Snowflake, the company of the AI Data Cloud (NYSE: SNOW), has introduced Cortex AI for Financial Services, a package of capabilities and partnerships designed for banks, asset managers, fintechs, and insurers to unify their data ecosystem and deploy models, apps, and AI agents on top of that data with security and regulatory compliance. The message comes with two clear points: bringing AI to where the data already lives — Snowflake — and making it interoperable with external agents and platforms via a Managed Model Context Protocol (MCP) Server, now in public preview.
“The financial sector has always been a pioneer, but it coexists with fragmented data, robust compliance, and the need for rigorous governance,” says Baris Gultekin, VP of AI at Snowflake. “By bringing AI where the data lives and enabling secure interoperability with remote agents, we facilitate critical use cases in highly regulated industries.”
The approach has both a technical layer and a business layer. On one side, Cortex AI adds components for data scientists, analysts, and business users (coding agents, AISQL functions, AI-driven extraction/transcription, and a conversational interface called Snowflake Intelligence). On the other side, a MCP Server connects internal and third-party data within Snowflake with agent platforms such as Anthropic (Claude), CrewAI, Cursor, Devin (Cognition), Agentforce (Salesforce), UiPath, or Windsurf, among others, to create “context-aware” experiences that act upon governed information.
What is Cortex AI for Financial Services (and why does it speak regulatory language)?
Cortex AI for Financial Services is born with an “enterprise-ready” and sector-specific focus. The suite aims to accelerate complex tasks —market analysis, quantitative research, fraud detection, customer service, claims management— and do so with security controls that fit into regulated frameworks. The idea is that an entity could, for example:
- Combine structured data in Snowflake (market history, tick data, portfolios, risk) with unstructured data (research, earnings call transcripts, document analytics) without leaving the governed perimeter.
- Invoke AI agents — internal or third-party — that read exactly what they’re permitted to (based on permissions), reason with that context, and execute actions within the workflow (create a note, mark a task, feed a workflow).
The data ecosystem accompanying this suite includes leading providers such as:
- Structured (via Sharing of Semantic Views, GA “coming soon”): CB Insights, Cotality™, Deutsche Börse, MSCI, Nasdaq eVestment®.
- Unstructured (via Cortex Knowledge Extensions, now GA): CB Insights, FactSet, Investopedia, The Associated Press, The Washington Post.
For Snowflake, the combination of industry-specific data (market analysis, expert research, news) with the client’s proprietary data in Snowflake enhances the accuracy and quality of AI outputs. In financial services — where a nuance of context can change a decision — context is everything.
The components: from coding agents to conversational AI
1) Data Science Agent (AI coding assistant)
Automates time-consuming tasks for data science teams: data cleaning, feature engineering, prototyping, and model validation. The goal is to speed up from raw data to production-ready models and ease bottlenecks in risk, forecasting, trading analytics, fraud, Customer 360, or underwriting.
2) Cortex AISQL (public preview)
Adds functions for extracting and transcribing with AI (also in public preview), enabling efficient processing of documents, audio, and images at scale. Think about claims analytics, customer support with attached documentation, investment digesting transcripts and reports… Much of the sector’s value resides in text and voice: AISQL puts these sources at the query’s fingertips.
3) Snowflake Intelligence (public preview)
For business, a conversational interface that lets you ask in natural language about data in Snowflake, and about third-party data/apps and connected agents. The promise is to democratize insights across the organization and reduce technical overhead hampering decision-making. Again, data stays in place; questions are asked to the data.

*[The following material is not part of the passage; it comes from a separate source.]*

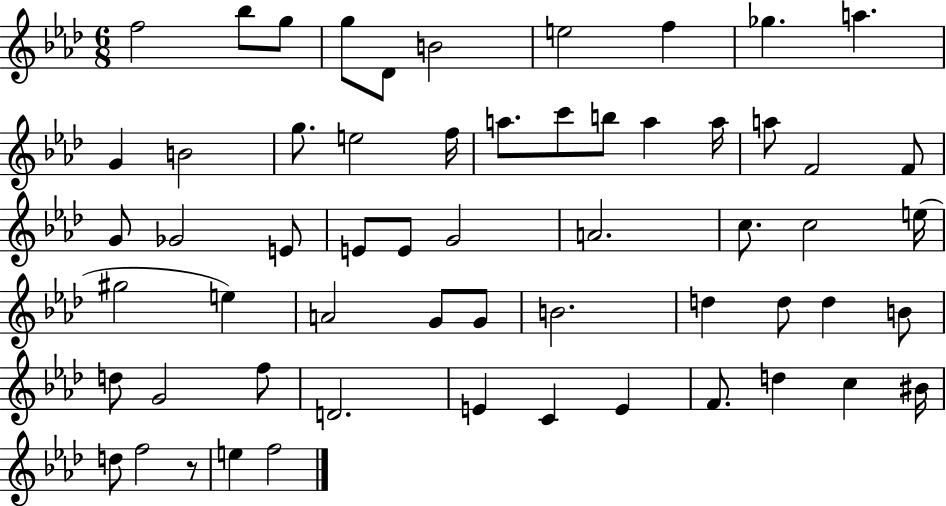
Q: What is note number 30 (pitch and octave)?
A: A4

Managed MCP Server: the glue for an agent ecosystem (reducing ad-hoc integrations)
AI agents enhance LLMs with tools, workflows, and context. The common challenge: connecting them to enterprise systems often requires custom integrations that slow adoption. That’s where the Model Context Protocol (MCP) comes in, which has recently become a standard for LLMs to discover data, APIs, and services.
With the Snowflake MCP Server (public preview), a company can:
- Connect tools built on Snowflake (e.g., Cortex Analyst and Cortex Search) to external agents via a standard MCP interface, unifying the retrieval of structured and unstructured data.
- Expose proprietary data and third-party data shared on Snowflake Marketplace (via Cortex Knowledge Extensions) so remote agents can consume in real-time, without sacrificing security or governance.
Practically, the MCP Server allows agents from Anthropic, Augment Code, Amazon Bedrock AgentCore, Azure AI Foundry, CrewAI, Cursor, Devin (Cognition), Glean, Kumo, Mistral AI, Agentforce (Salesforce), UiPath, Windsurf, Workday, WRITER, and others to communicate with governed Snowflake data without each integration becoming a custom project. This is the difference between a “perpetual POC” and production.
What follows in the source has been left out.